Il ritorno alla monarchia è esplicitamente vietato (art. 139), ma non è automatico che un assetto presidenzialista – anche se fosse confermato dalla sovranità popolare – sia compatibile con “i limiti e le forme della Costituzione”.
La Costituzione italiana ha una struttura istituzionale fondata sulla divisione, la distribuzione, la diffusione e l’autonomia dei poteri. Giuseppe Dossetti, uno dei più importanti padri costituenti, nel 1994 scriveva:
Questa distribuzione del potere tra soggetti adeguatamente distinti e contrappesati, è forse uno dei pregi più raffinati e delicati della Costituzione italiana, ne costituisce un risultato positivo e davvero meritevole della più gelosa salvaguardia, al di là di ogni riforma possibile”.
E segnalava un pericolo:
La Costituzione non può essere giocata sull’onda di avventati presidenzialismi che precipiterebbero il nostro alto livello istituzionale in una regressiva catastrofe”.
Il Presidente della Repubblica nella vigente Costituzione è una figura di garanzia, un arbitro e un “ammortizzatore” tra i diversi poteri: può rimandare una legge al Parlamento, firma i decreti, incarica il presidente del consiglio e nomina i ministri, presiede il consiglio superiore della magistratura, ecc. E proprio per questo suo ruolo al di sopra della dialettica tra le forze politiche rappresenta l’unità della Repubblica, cioè di tutte le componenti istituzionali.
L’elezione diretta del Presidente della Repubblica, attraverso una campagna elettorale, inevitabilmente caratterizzerebbe chiunque venisse eletto come persona “di parte”. Gli elettori che sceglieranno un altro candidato con fatica potranno poi riconoscere il Presidente eletto come rappresentante di tutti. Insomma, l’elezione diretta del Presidente della Repubblica è tendenzialmente divisiva. Invece l’attuale Costituzione va nella direzione opposta: per eleggere il Presidente della Repubblica nei primi tre scrutini è necessaria la maggioranza dei due terzi dei componenti dell’Assemblea, chiara indicazione che l’eletto deve essere sostenuto da un’ampia maggioranza e perciò riconosciuto come super partes.
Inoltre, per un’elezione diretta del Presidente probabilmente verrebbe utilizzato un sistema elettorale maggioritario a turno unico simile a quello dei collegi uninominali: chi prende un voto in più viene eletto. Con il risultato che facilmente potrebbe essere eletto un Presidente con i voti di una minoranza (anche se la prima delle minoranze). E questa eventualità sarebbe veramente in contrasto con lo spirito costituzionale.

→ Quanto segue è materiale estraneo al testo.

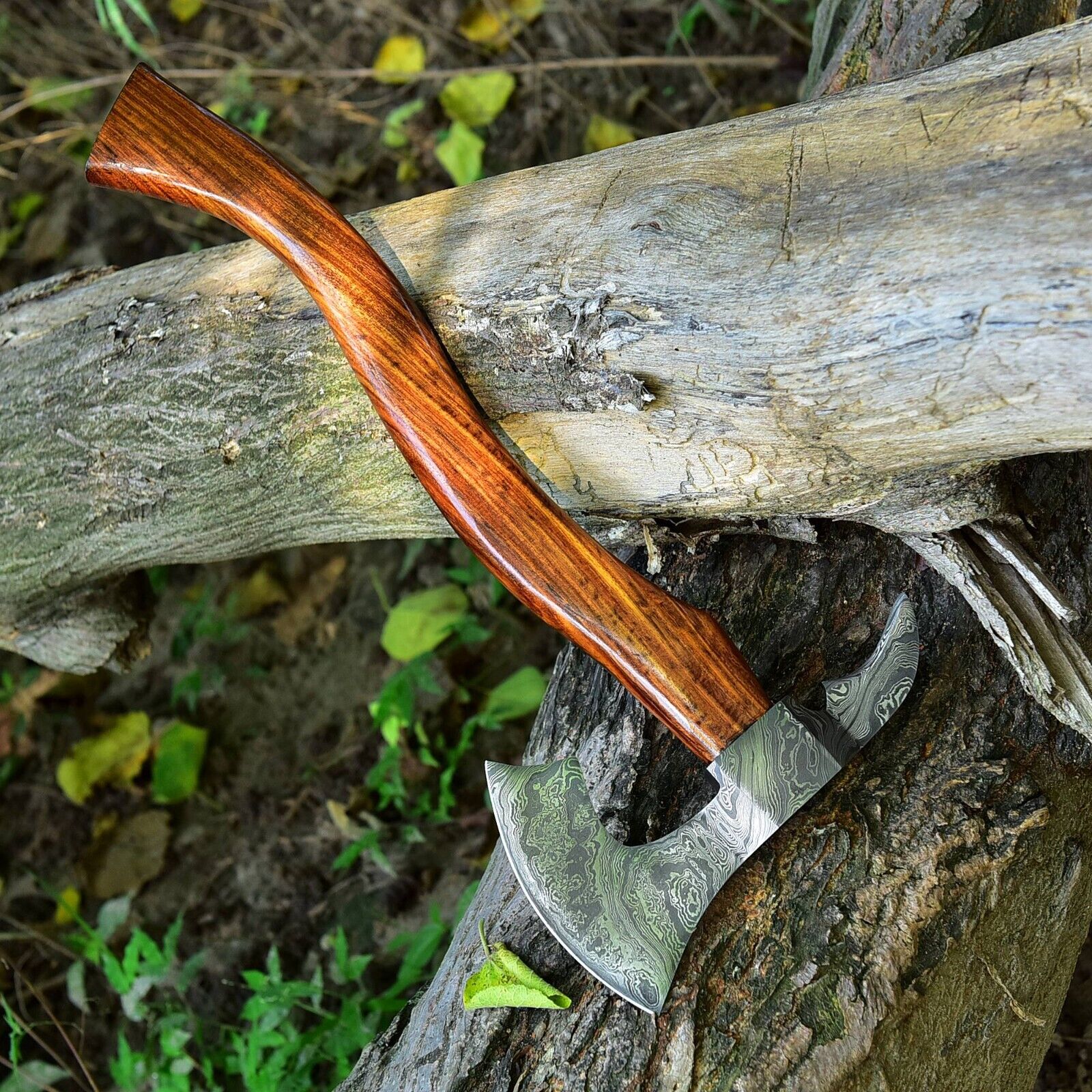 Tomahawk Axe with Custom Handmade Forged Damascus Steel Blade – "Rosewood Warrior" - Image 6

C’è un altro rischio nell’elezione diretta del Presidente della Repubblica: il populismo. Cioè utilizzare la campagna elettorale per l’elezione del Presidente della Repubblica per contrapporre gli interessi della popolazione a quelli della classe dirigente e delle cosiddette élite. Un atteggiamento demagogico volto ad assecondare o accattivarsi le aspettative del popolo, indipendentemente da ogni valutazione sul ruolo e sui compiti del Presidente della Repubblica.
Giuseppe Dossetti già nel 1944 – consapevole di quanto era accaduto nel ventennio fascista – paventava i rischi del populismo: “non vogliamo nemmeno il dominio caotico della piazza, il potere dispotico di demagoghi improvvisati”. Per questa ragione Dossetti – quando l’attuale Costituzione era ancora un sogno – scriveva:
Creeremo una Corte di garanzia, con altissimi magistrati, i quali veglieranno perché la Costituzione non venga un’altra volta tradita e la libertà del popolo non sia messa in pericolo da tentativi provenienti dall’alto o da disordini dal basso.
Dossetti successivamente sosterrà che le proposte di riforma costituzionale vengano preventivamente valutate dalla Corte Costituzionale per evitare che provochino alterazioni degli equilibri costituzionali.
Le riforme istituzionali – secondo molti autorevoli costituzionalisti – dovrebbero essere puntuali, garantendo gli equilibri tra i poteri stabiliti dalla Costituzione. Alterare il ruolo del Presidente della Repubblica non è una buona idea. Al contrario, bisognerebbe estendere la maggioranza dei due terzi anche ai successivi scrutini per essere certi che il Presidente della Repubblica sia davvero rappresentativo della volontà popolare, a maggior ragione in presenza di una legge elettorale in parte maggioritaria per l’elezione dei parlamentari.